In the world of community currencies, Pressed Flowers have resiliance. To my continuing surprise, the humble floral unit has legs! Last night, under the add-on, flowers were reserved, catalogued and most importantly traded.
Some months ago the Vienna artists' community took children to the hills near Baden to collect flowers. These were pressed in the sleeves of books and a more crude version of a flower press awaiting tonight's events. Now, the pressed flowers have been reserved by recording them all and preparing them for distribution.
Yet such a community setting. Overhead in the scaffolding in Wallensteinplatz, a performance by a popular Astrian warbler AustroFred (singing songs by Queen in German. "Under Pressure" sounds like "Amadeus" ...). Underneath, a gang of artistic financial cryptographers catalogued and laminated hundreds of pressed flowers. They are now official floral reserves of the FlowerBank.
This crazy little thing called trade. A dance group was paid in pressed flowers. Their dance presented flowers to the audience, and each audience participant was encouraged to take the fresh flower and bail it in to the FlowerBank for pressing and future conversion for more liquidity.

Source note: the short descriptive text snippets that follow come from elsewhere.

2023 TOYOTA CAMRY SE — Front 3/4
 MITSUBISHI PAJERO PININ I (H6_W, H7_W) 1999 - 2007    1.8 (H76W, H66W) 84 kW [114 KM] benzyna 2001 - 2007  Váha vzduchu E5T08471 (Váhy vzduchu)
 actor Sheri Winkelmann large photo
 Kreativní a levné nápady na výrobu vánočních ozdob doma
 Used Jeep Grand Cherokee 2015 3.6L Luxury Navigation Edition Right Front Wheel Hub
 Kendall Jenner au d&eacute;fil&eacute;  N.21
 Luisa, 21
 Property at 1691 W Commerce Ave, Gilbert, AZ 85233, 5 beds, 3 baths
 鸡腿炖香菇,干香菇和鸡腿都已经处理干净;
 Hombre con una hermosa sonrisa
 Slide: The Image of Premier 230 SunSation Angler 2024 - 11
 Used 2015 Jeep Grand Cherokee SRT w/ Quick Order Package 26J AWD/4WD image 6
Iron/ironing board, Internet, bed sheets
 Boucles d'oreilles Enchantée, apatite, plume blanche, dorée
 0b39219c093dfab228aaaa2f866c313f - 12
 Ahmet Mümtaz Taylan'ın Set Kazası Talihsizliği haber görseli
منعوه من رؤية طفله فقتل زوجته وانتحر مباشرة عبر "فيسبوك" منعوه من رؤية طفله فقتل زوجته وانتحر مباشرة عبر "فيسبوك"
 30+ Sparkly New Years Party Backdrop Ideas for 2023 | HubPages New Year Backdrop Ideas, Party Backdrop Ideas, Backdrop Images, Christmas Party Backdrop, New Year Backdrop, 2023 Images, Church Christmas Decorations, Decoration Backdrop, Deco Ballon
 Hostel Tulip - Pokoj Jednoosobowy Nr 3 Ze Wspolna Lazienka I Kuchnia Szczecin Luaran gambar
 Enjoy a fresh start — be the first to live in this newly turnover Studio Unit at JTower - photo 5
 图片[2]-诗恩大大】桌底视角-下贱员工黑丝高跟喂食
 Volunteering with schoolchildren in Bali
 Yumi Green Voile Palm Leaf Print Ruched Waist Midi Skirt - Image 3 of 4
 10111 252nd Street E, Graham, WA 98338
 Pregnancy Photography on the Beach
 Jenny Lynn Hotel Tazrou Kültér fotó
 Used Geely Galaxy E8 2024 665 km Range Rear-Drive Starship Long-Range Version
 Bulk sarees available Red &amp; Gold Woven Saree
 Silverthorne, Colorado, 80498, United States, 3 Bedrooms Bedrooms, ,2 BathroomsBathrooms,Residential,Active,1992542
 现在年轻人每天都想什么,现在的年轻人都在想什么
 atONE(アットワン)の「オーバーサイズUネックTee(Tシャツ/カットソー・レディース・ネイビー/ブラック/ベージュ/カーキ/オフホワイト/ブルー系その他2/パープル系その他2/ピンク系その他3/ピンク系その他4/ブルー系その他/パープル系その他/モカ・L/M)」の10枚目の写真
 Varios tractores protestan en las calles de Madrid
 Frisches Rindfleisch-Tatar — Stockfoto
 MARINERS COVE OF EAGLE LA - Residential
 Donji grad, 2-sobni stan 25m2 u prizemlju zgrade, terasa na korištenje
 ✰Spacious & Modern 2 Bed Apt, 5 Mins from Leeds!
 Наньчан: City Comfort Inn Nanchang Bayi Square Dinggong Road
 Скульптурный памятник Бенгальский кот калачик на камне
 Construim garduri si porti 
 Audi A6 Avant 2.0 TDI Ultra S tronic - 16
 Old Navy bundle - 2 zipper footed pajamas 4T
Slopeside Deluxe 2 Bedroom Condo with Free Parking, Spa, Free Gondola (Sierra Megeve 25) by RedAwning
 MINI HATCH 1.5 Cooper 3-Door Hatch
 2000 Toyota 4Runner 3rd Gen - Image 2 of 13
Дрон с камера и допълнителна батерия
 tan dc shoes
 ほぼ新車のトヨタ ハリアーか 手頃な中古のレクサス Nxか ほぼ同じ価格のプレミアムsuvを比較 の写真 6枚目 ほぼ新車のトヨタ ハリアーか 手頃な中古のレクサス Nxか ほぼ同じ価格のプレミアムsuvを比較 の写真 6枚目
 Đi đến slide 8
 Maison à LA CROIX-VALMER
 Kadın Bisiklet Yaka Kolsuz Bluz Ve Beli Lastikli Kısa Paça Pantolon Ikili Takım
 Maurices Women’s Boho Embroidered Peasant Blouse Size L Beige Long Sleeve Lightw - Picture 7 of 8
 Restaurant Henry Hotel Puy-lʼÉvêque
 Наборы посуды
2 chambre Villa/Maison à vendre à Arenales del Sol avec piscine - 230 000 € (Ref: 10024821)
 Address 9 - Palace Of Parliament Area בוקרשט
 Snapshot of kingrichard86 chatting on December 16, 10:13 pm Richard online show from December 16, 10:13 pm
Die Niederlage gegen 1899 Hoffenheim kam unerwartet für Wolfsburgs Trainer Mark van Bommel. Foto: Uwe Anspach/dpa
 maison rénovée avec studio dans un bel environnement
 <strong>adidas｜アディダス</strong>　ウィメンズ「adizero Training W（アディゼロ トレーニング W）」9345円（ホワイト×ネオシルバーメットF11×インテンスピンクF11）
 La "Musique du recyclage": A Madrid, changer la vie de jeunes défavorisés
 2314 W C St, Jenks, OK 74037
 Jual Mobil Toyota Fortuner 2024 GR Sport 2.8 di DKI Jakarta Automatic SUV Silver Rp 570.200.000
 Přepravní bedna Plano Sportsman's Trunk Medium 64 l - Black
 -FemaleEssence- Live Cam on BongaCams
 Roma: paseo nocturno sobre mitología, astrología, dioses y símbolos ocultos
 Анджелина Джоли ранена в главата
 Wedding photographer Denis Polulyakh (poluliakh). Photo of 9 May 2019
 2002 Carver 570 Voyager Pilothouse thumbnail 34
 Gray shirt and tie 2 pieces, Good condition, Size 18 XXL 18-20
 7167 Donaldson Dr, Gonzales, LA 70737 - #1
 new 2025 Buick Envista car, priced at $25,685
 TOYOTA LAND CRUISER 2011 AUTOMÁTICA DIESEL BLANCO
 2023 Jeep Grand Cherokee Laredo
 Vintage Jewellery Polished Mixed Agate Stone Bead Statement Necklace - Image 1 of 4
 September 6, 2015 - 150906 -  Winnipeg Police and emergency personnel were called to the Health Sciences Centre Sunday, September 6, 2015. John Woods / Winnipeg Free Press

Pricing the laminated pressed flowers was an issue that wasn't resolved beforehand. After the performance (and flower bank revitalisation) a lengthy negotiation meandered between the supply factor of time for complete flower pressing in volunteer labour (about an hour) and the investment of the performers (about 2 hours each). Eventually, trading parties settled the price at PF8, or PF2 per performer.
(The rain started but nobody cared. The wind blew the stock of reserves around. Pandemonian, but ... The show must go on!)
This is Europe so the kids are out on the streets until the early hours. At least, this was the Turkish community. Keeping children focused turned out to be a simple matter of pure bribery (anything for sugar). In exchange for writing out the leaflets describing the terms of trade, flowers were paid and kids were well behaved, for once.
The reserve units were accepted for meals and icecream and I converted my wages in laminating into a dinner of fried meat, noodles, basil, and peanuts. Delish! A plate cost PF2 and icecream only PF1 although there was some debate about that.
In the event, the flowers economy all went to pot. Some insisted on keeping their flowers and forewent the benefit of the further trade. Kids on the other hand raided the local park for flowers, traded them in for precious reserves and then traded those for meals but not the icecream. Snip, snip, snip. Another myth bites the dust.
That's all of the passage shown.